3/8″ Pre-Cut Galvanized Wire Rope Cable

The 3/8″ Pre-Cut Galvanized Wire Rope Cable is a 7 x 19 strand aircraft cable. Factory cut to specific boat lift lengths. Moderate corrosion resistance & remains ductile over long periods running over sheaves.  Galvanized steel cable is stronger than stainless steel cable. The most commonly used cable for boat lifts. Made by BH-USA.
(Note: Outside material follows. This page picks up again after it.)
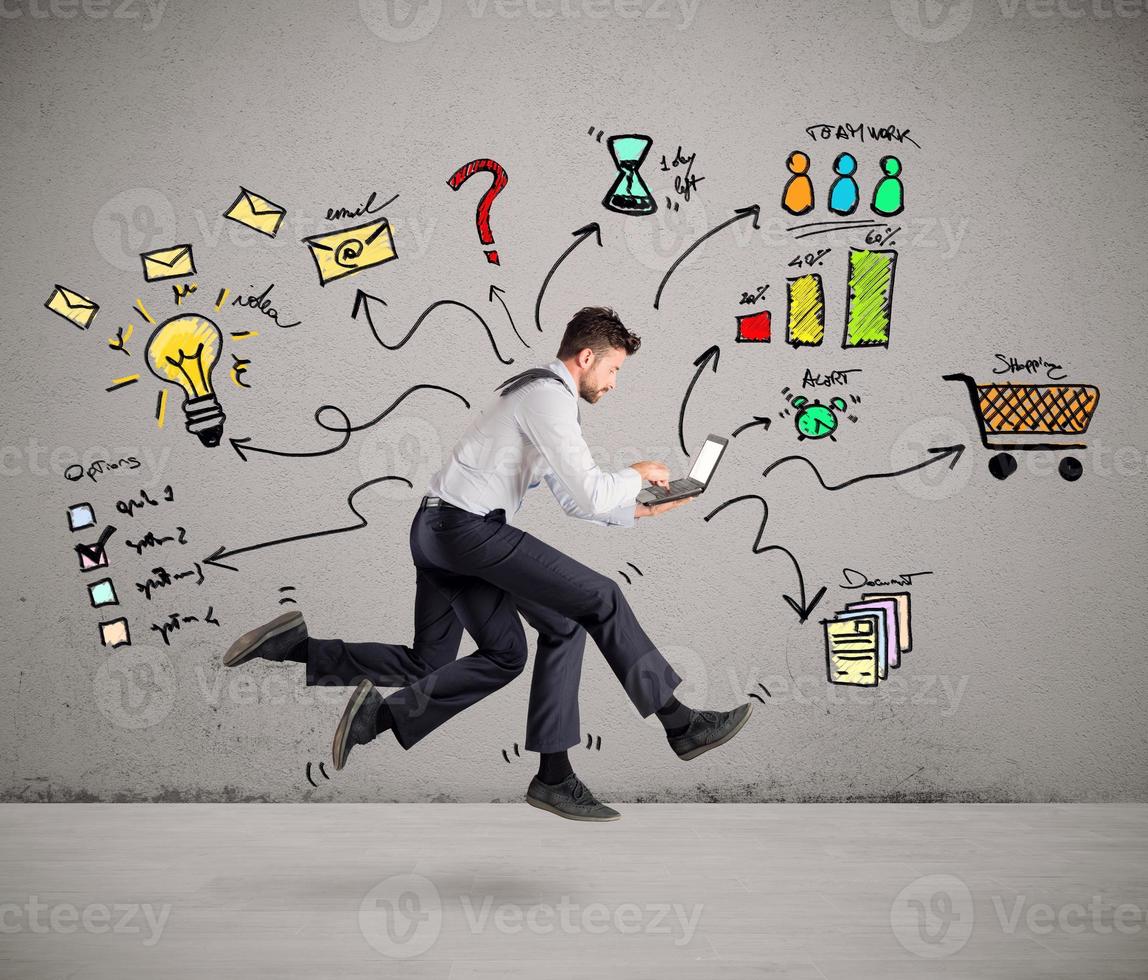 Businessman with four legs runs with too many tasks on laptop. Concept of stress and overwork photo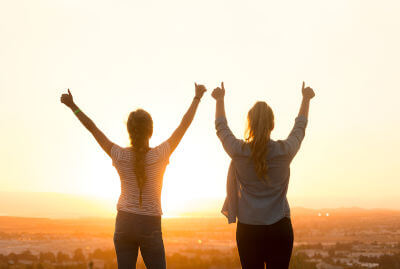 happy-females-woman-with-arms-out-in-mountains-inspirational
Any boat heavier than 6,000 lbs. needs the boat lift cable to be compounded. We use the ASME (American Society for Mechanical Engineers) recommended safety factor and rating system. The same is used in the overhead crane industry. Never use “Breaking Strength” for rating a cable.

Aircraft Cable

Aircraft cable is specified by the number of strands in the rope times the number of wires in each strand.  “7 x 19” means the rope has seven (7) strands, with 19 wires in each strand. 7×19 is the most flexible aircraft cable construction.

BH-USA recommends 7 x 19 aircraft cables for boat lift applications. Always consider at least a 5:1 safety factor when figuring working loads. Use a minimum of 4 drops when using in boat lift applications. A test certificate for all cables sold by BH-USA is available upon request.

7 x 19 aircraft cable is not suitable for use in aircraft controls. Never lift humans with 7 x 19 aircraft cable.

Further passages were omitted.